# [Prompt]
Reproduce everything from the line that contains "Foto auf Acrylglas" down to the line that contains "An Elderly Gentleman" in the listing below, word for word and nothing more. Leave the pictures out.

# [Materials provided]
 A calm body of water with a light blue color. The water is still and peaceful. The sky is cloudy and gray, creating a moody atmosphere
---
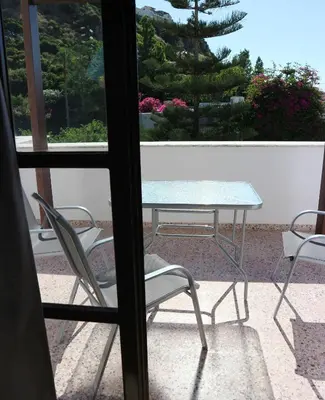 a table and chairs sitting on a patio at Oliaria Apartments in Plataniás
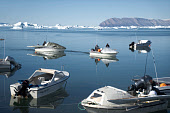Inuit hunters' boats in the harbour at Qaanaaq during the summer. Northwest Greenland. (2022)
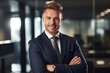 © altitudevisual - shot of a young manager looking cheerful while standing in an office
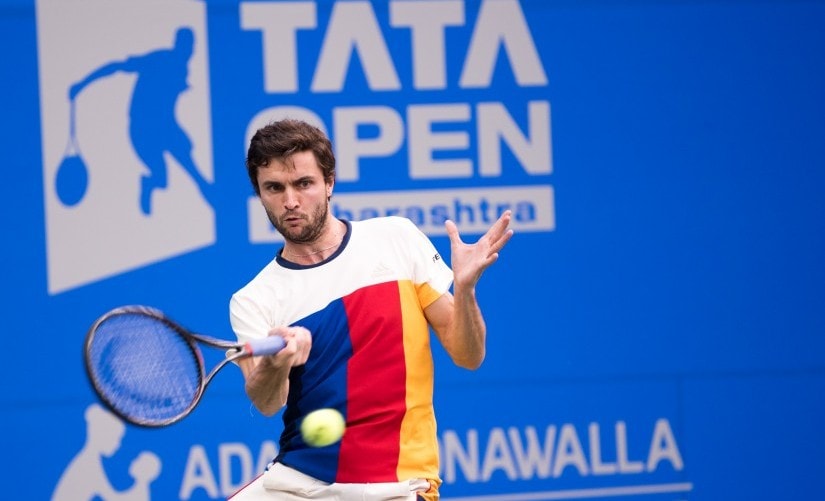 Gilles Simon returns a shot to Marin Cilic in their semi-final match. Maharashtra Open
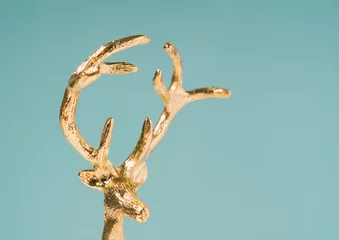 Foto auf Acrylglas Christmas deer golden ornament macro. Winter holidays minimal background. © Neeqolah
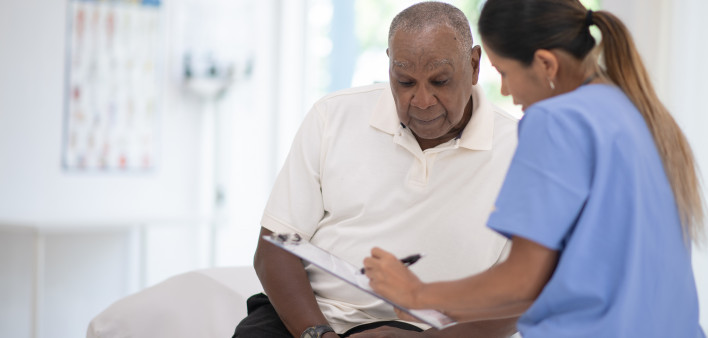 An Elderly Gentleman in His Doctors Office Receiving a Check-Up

# [Result for this exercise]
 Foto auf Acrylglas Christmas deer golden ornament macro. Winter holidays minimal background. © Neeqolah
 An Elderly Gentleman in His Doctors Office Receiving a Check-Up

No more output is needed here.